**WORK TO BE COMPLETED**
Exactly as they appear, retype the lines from the one containing "Close-up of a" through the final line of the data below. Leave pictures out.

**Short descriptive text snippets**
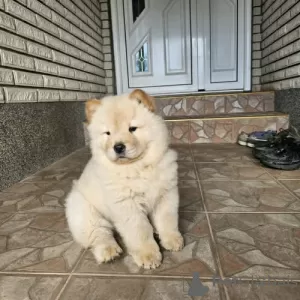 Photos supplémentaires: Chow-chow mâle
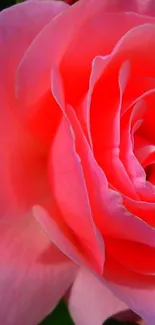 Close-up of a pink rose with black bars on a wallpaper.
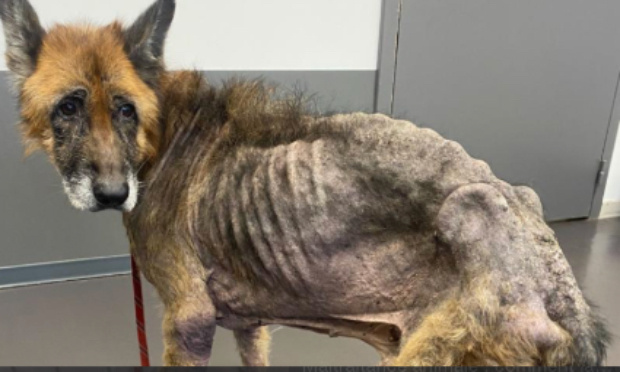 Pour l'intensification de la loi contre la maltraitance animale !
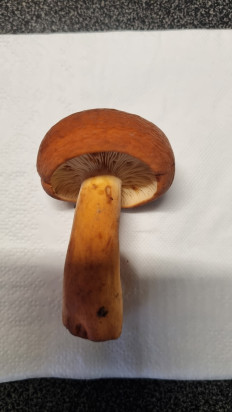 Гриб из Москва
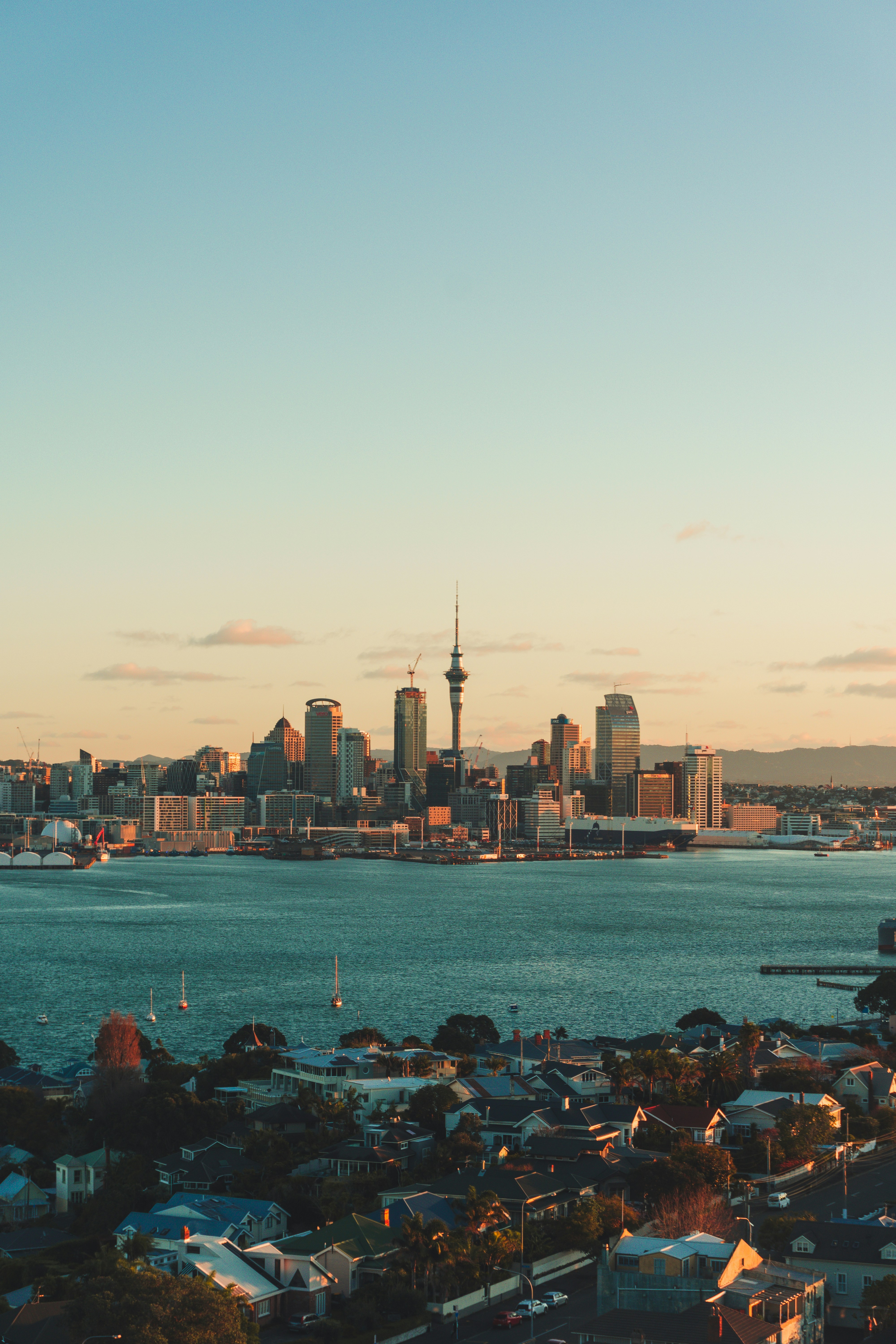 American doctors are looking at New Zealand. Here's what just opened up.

**RESPONSE BOX**
 Close-up of a pink rose with black bars on a wallpaper.
 Pour l'intensification de la loi contre la maltraitance animale !
 Гриб из Москва
 American doctors are looking at New Zealand. Here's what just opened up.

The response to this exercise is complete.